Patients with Cystic Fibrosis (CF) are relatively insulinopenic and are at risk of diabetes, especially during times of stress. There is a paucity of data in the literature describing glucose tolerance during CF pulmonary exacerbations. We hypothesised that glucose tolerance would be worse during pulmonary exacerbations in children with CF than during clinical stability.

Methods

Patients with CF, 10 years or older, admitted with a pulmonary exacerbation underwent an OGTT within 48 hours of admission. A repeat OGTT was performed 4 to 6 weeks post discharge when the patients were well.

Results

Nine patients completed the study. Four patients were found to have normal glucose tolerance, 3 with impaired and 2 with CF related diabetes during the exacerbation. Mean change in 2-hour glucose was 1.1 mmol (SD = 0.77). At the follow up OGTT, 8 of 9 (89%) remained within their respective glucose tolerance status groupings.

Conclusion

The findings of this study show that there is little difference in glucose tolerance during CF exacerbations compared to clinical stability in the majority of patients.

Introduction

Cystic Fibrosis (CF) is the most common inherited life limiting condition in Caucasians [1]. Patients with CF and pancreatic insufficiency are relatively insulinopenic and are at risk of impaired glucose tolerance (IGT) and CF related diabetes (CFRD) [2]. It is well established that the presence of these co morbidities has a significant impact on morbidity and mortality in CF [3]. Recent international consensus guidelines recommend that all CF patients should be tested for IGT and CFRD yearly with an oral glucose tolerance test (OGTT) from 10 years of age [4].

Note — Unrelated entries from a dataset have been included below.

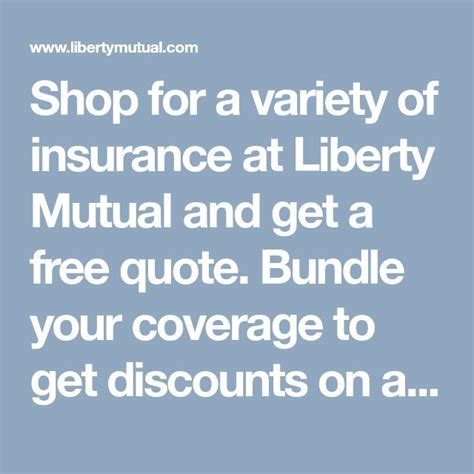 Shop for a variety of insurance at Liberty Mutual and get a free quote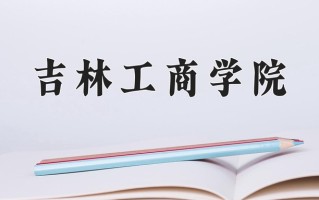 吉林工商学院一年学费多少钱及各专业的收费标准(2025参考）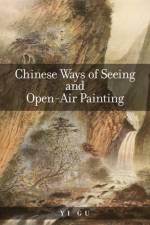 Chinese Ways of Seeing and Open-Air Painting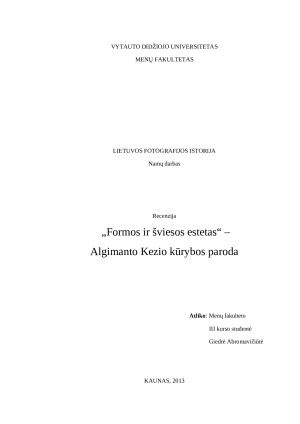 „Formos ir šviesos estetas“ – Algimanto Kezio kūrybos paroda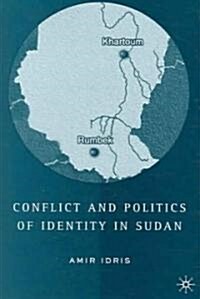 Conflict And Politics Of Identity In Sudan (Hardcover)
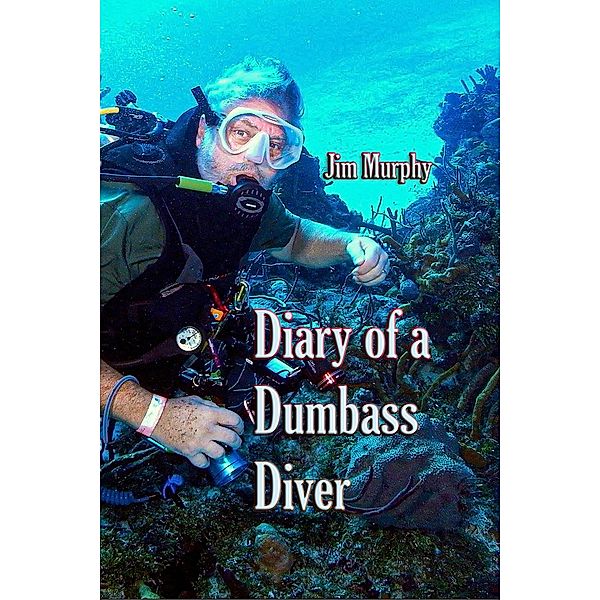 Diary of a Dumbass Diver, Jim Murphy, J E Murphy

CF pulmonary exacerbations are episodes of acute deterioration, usually brought on by infection and characterised by an increase in respiratory symptoms [5]. They are associated with decreased quality of life and increased mortality, hospitalization and healthcare costs. In the non-CF population, stress hyperglycaemia can occur during acute illness and is associated with adverse outcomes in children [6]. It is widely believed that stress hyperglycaemia occurs during CF pulmonary exacerbations and may resolve following resolution of the exacerbation [4]. However, evidence for this is lacking with only one small study having examined glucose tolerance during pulmonary exacerbations. Sc and colleagues performed both intravenous glucose tolerance tests (IVGTTs) and OGTTs on 8 CF patients previously known to have normal glucose tolerance (NGT) [7]. All but one patient exhibited diabetic glucose tolerance on OGTT during pulmonary exacerbation. Furthermore, patients returned to NGT within 4 weeks of discharge. These findings suggest that CF patients may benefit from insulin treatment during exacerbations however such results require confirmation before the development of specific randomized controlled trials.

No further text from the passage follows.